More money, more freedom and more meaning

Fundamental human motivations come down to 3 things: money, freedom and meaning. Meaning and freedom are not luxuries to be put off later in life after you've "put in your time".

If we can structure meaning and freedom into work now, we see Tom Sawyer effect - work going from being an obligation to a choice. It's not something we are obligated to do but something we want to do. Hence the quality of work is better.

Interesting fact: professional poker players are very likely to become entrepreneurs because they know the expected value.

The least free are those whose reality is structured for them. Middle class people has created a greater degree of independence than before. But the most powerful are those who design both their own realities and the realities of others.

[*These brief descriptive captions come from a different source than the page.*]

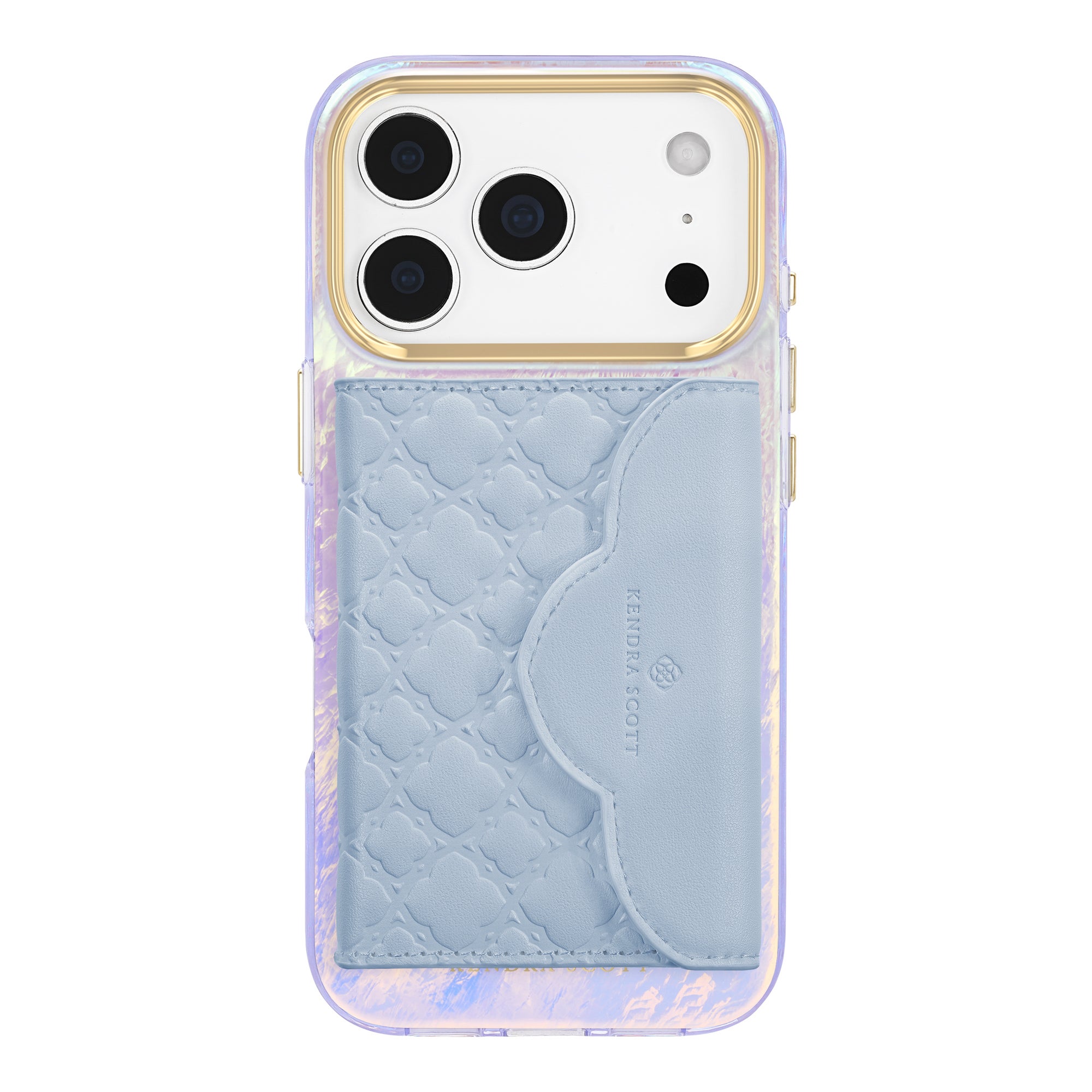 Kendra Scott Trifold MagSafe Wallet Blue Filigree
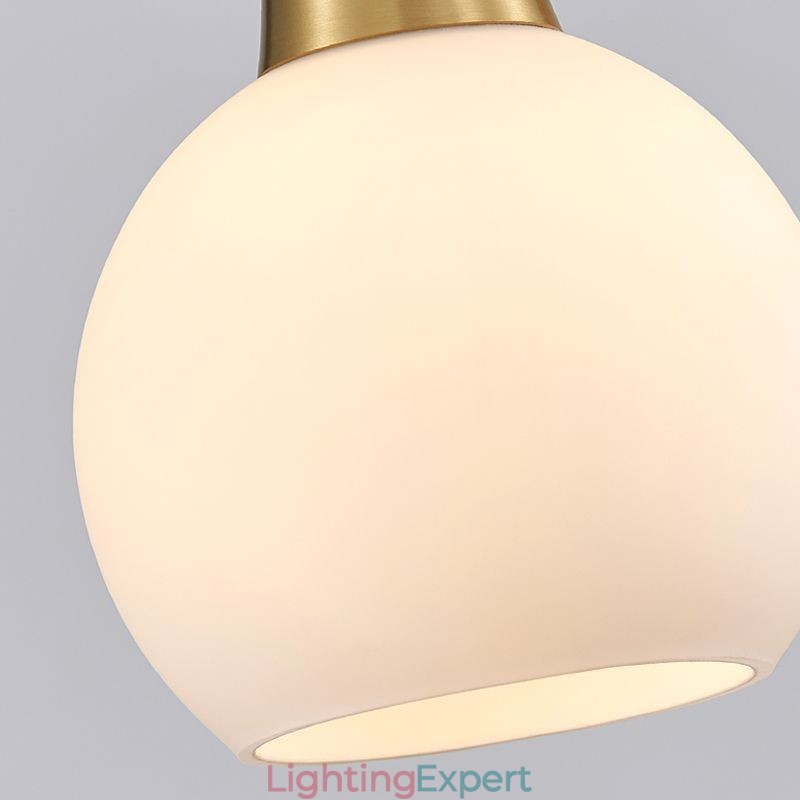 Modern Simple Copper Pendant Light Antler Hanging Light
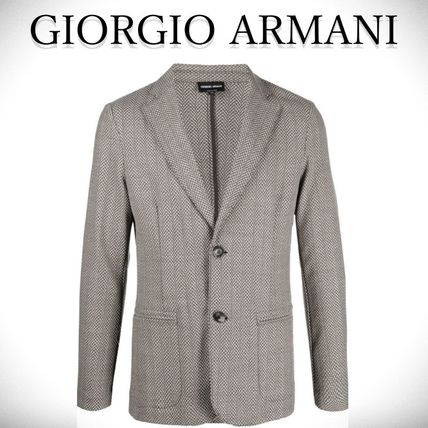 GIORGIO ARMANI x テーラードジャケット(メンズ) - 海外通販のBUYMA ラウンド 『期間限定価格』ジョルジオアルマーニ 、52、春夏 テーラードジャケット テーラードジャケット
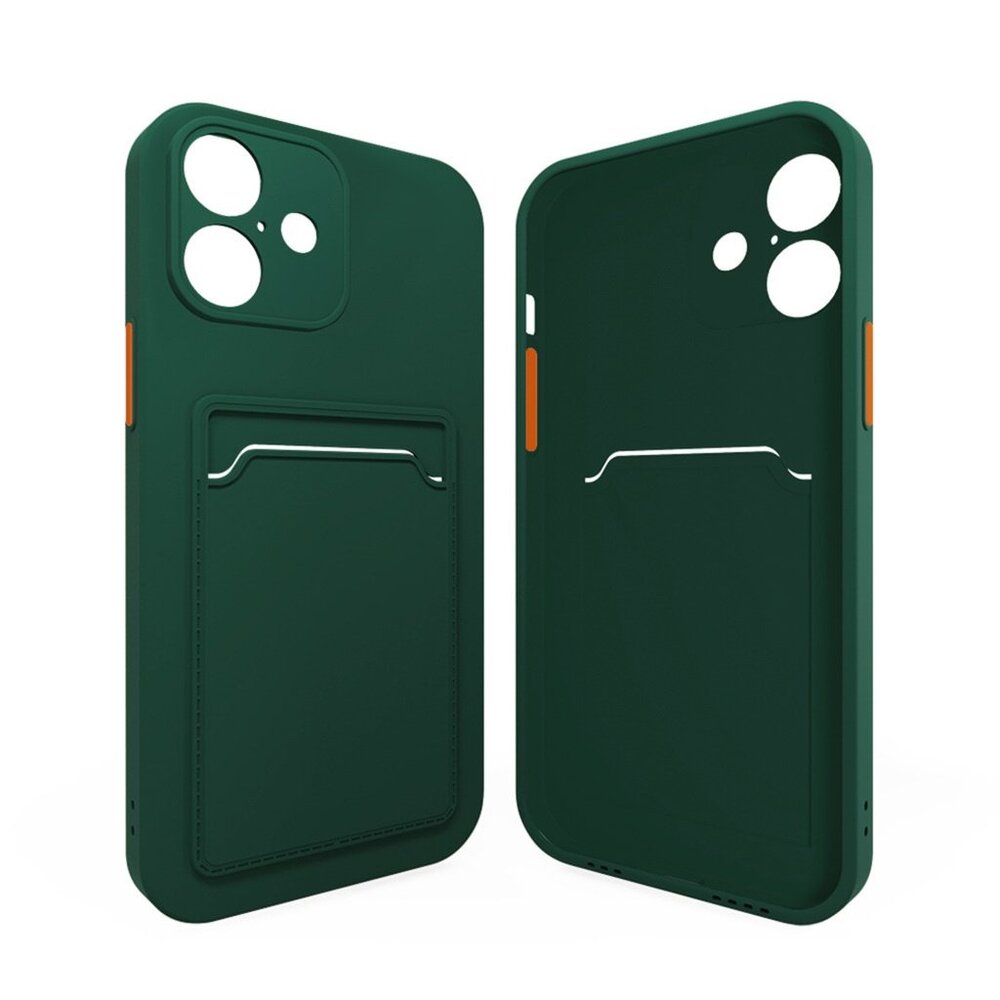 ShieldCase ShieldCase iPhone 16 coque en silicone porte carte (vert foncé) ShieldCase ShieldCase iPhone 16 coque en silicone porte carte (vert foncé)
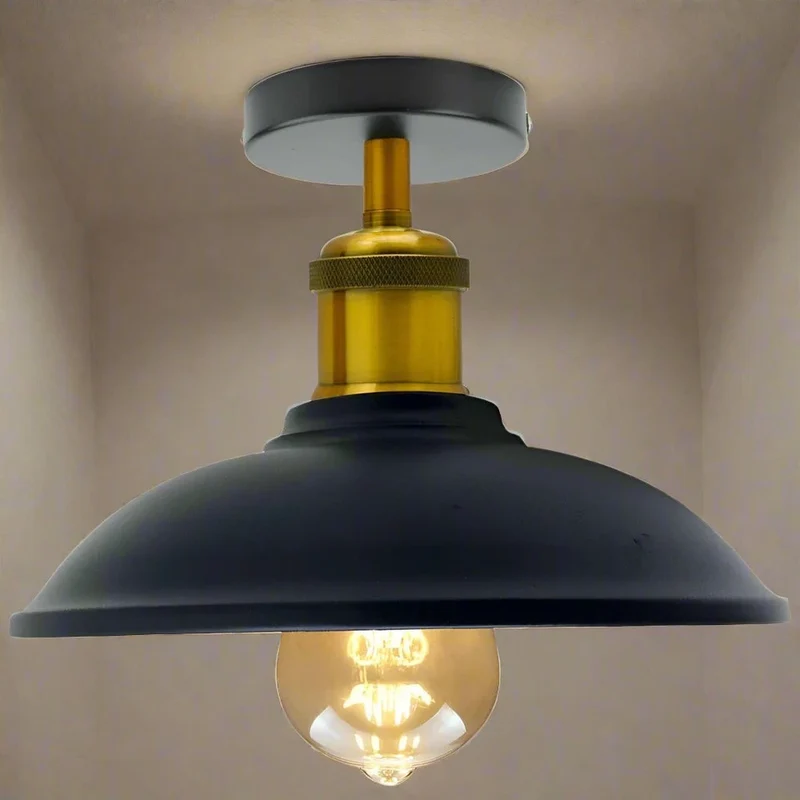 Schwarz Metal Deckenpendelleuchte innen wandleuchtefür Wohnzimmer ~1596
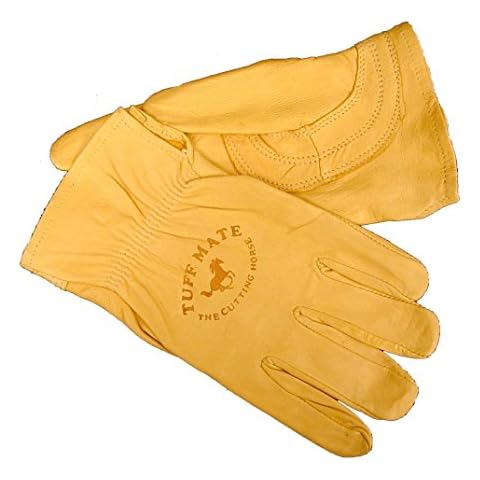 Tuff Mate Soft Leather Work Gloves- Size Medium Cover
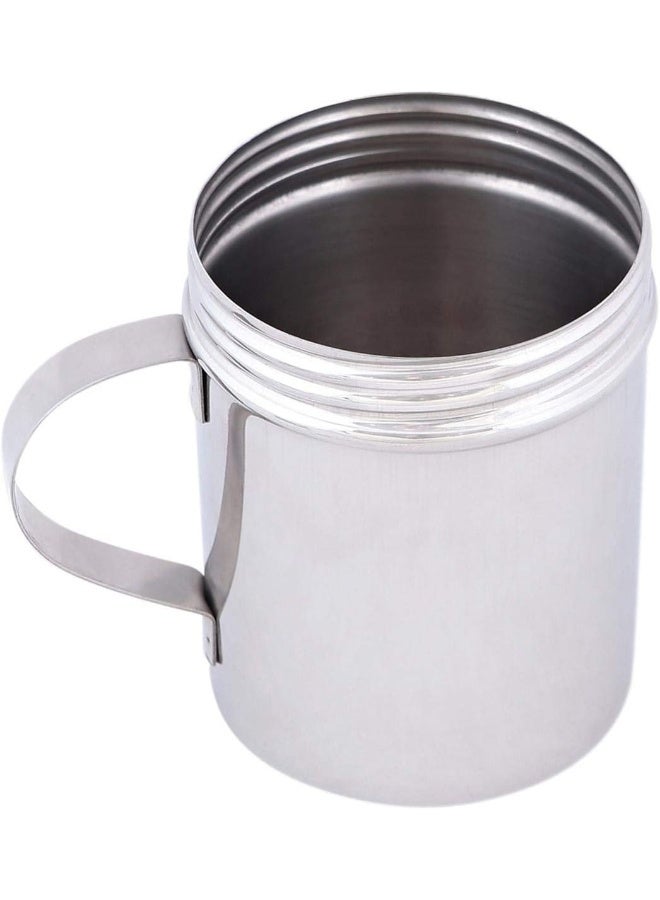 راج موزع بهارات من الستانلس ستيل فضي 7سم - Image 3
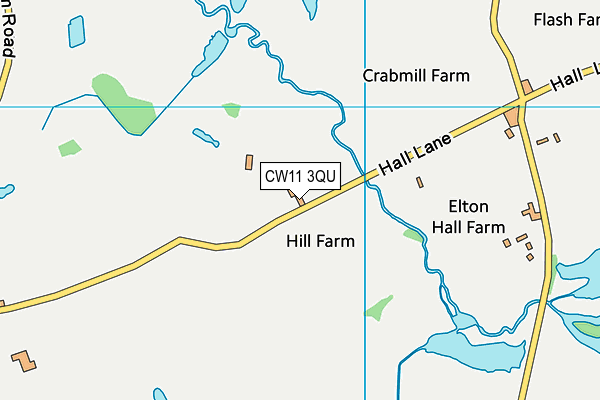 CW11 3QU map - OS VectorMap District (Ordnance Survey) CW11 3QU map - OS VectorMap District (Ordnance Survey)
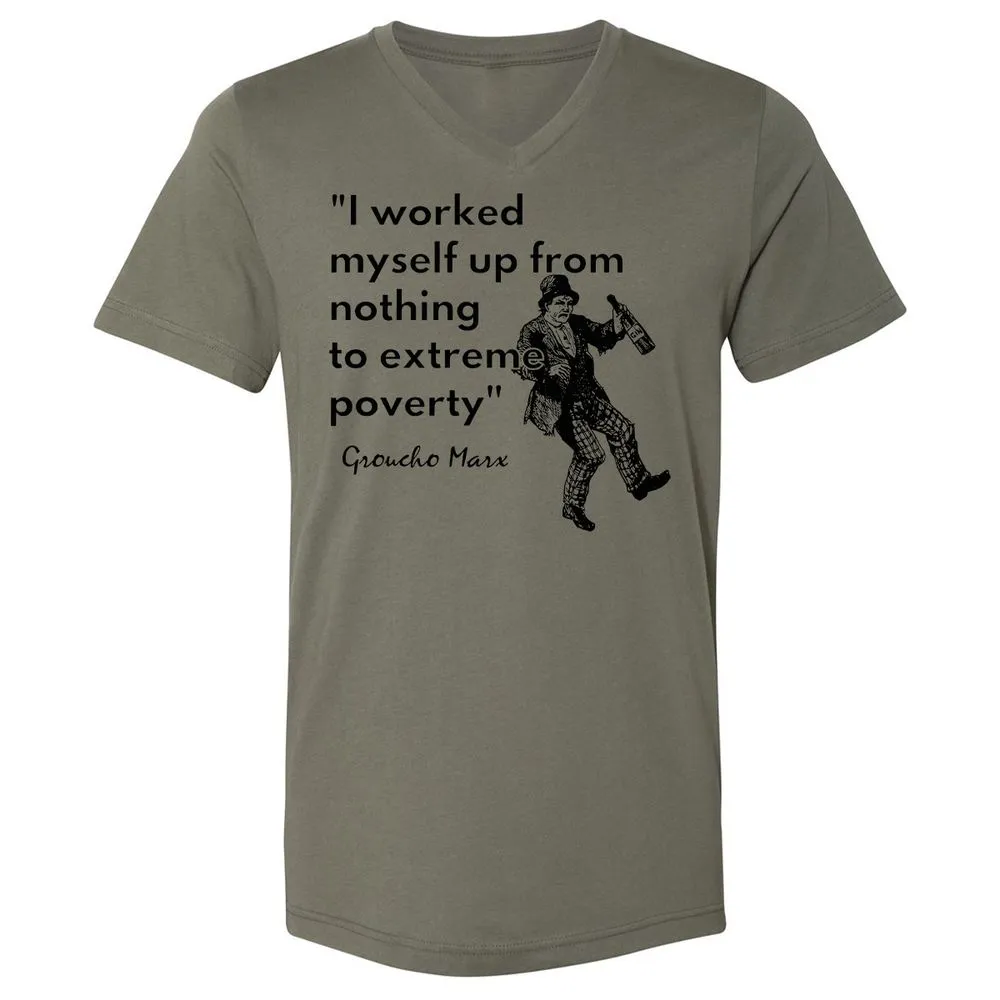 Unisex V-Neck T-Shirt - NUAAFYD3 - Military Green - 10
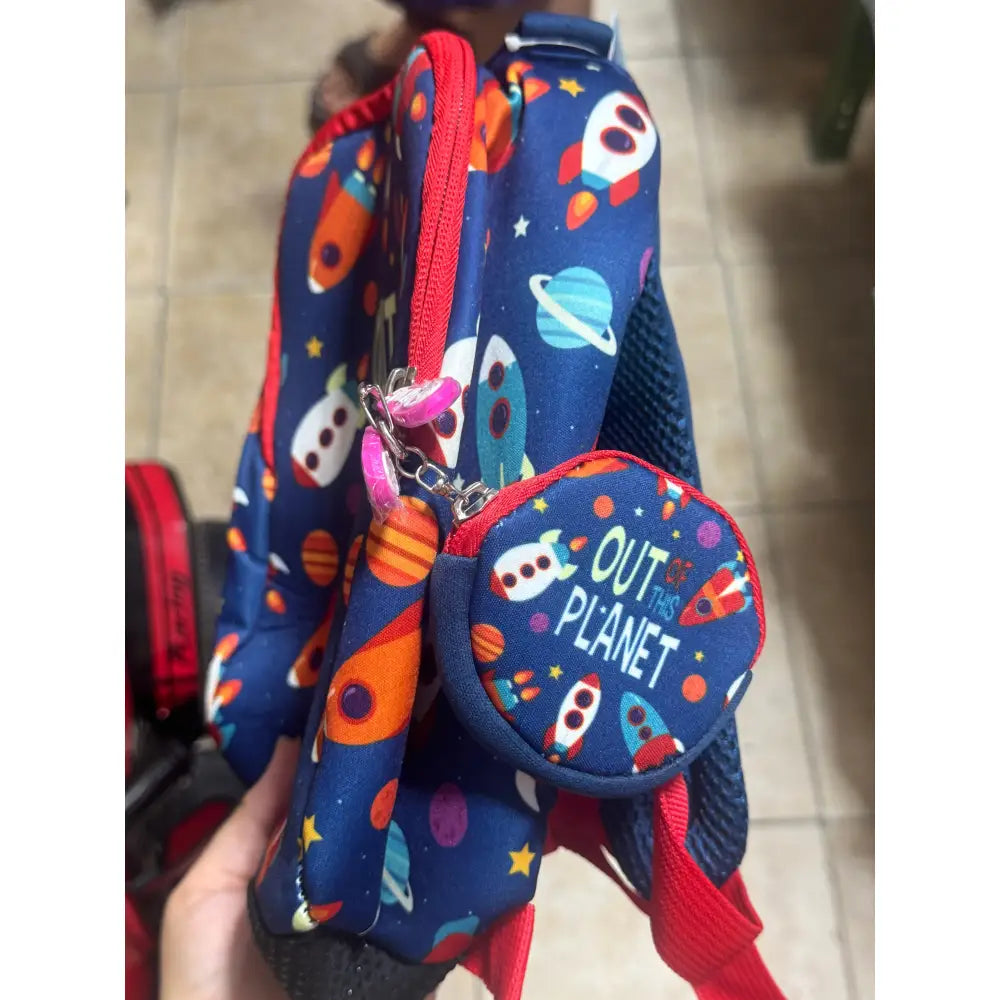 Mochila Neopreno 25cm Out Planet infantil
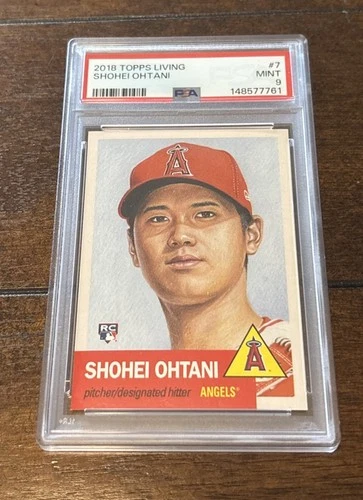 2018 Topps Living Set Shohei Ohtani #7 PSA 9 Mint Rookie Card LA Angels 🔥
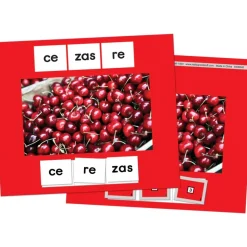 Really Good Stuff® Mixed Up Syllables - Mezcla de Sílabas - 30 mats, 114 tiles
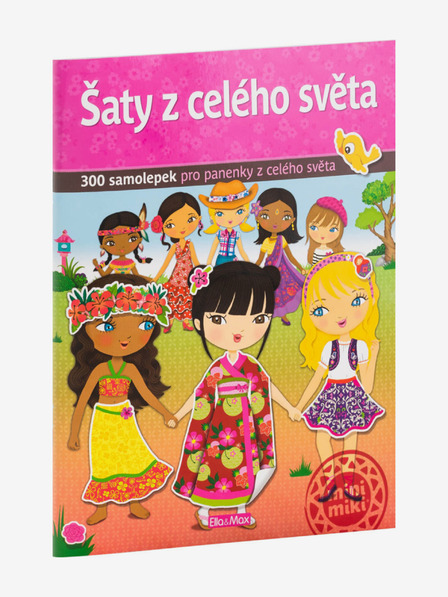 ELLA & MAX Рокли от цял свят - книжка със стикери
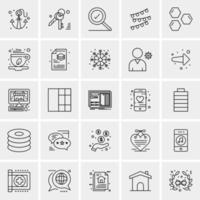 25 iconos de negocios universales vector ilustración de icono creativo para usar en proyectos relacionados con la web y dispositivos móviles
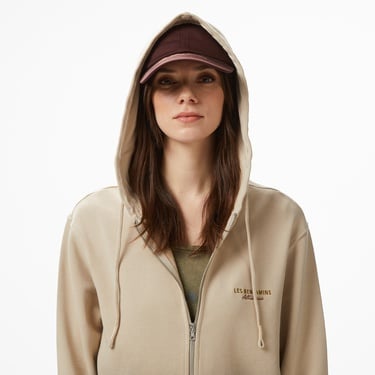  Les Benjamins Regular Fit Kadın Bej Sweatshirt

Great work - the kind of work that will create wealth in our lives and others' lives is not the product of obligation - it's the product of freedom.

What drives us?

We cultivate happiness through seeking something called flow. Flow, at its essence, is the ultimate natural expression of the human desire to grow and stretch.

Flow is the moment of struggling and reaching out your hand for a goal to overcome a challenge. When asked to cite the most enjoyable moment of their lives, people often recall raising a child or building a company.

For artist, commissioned work is usually worse than non-commissioned work.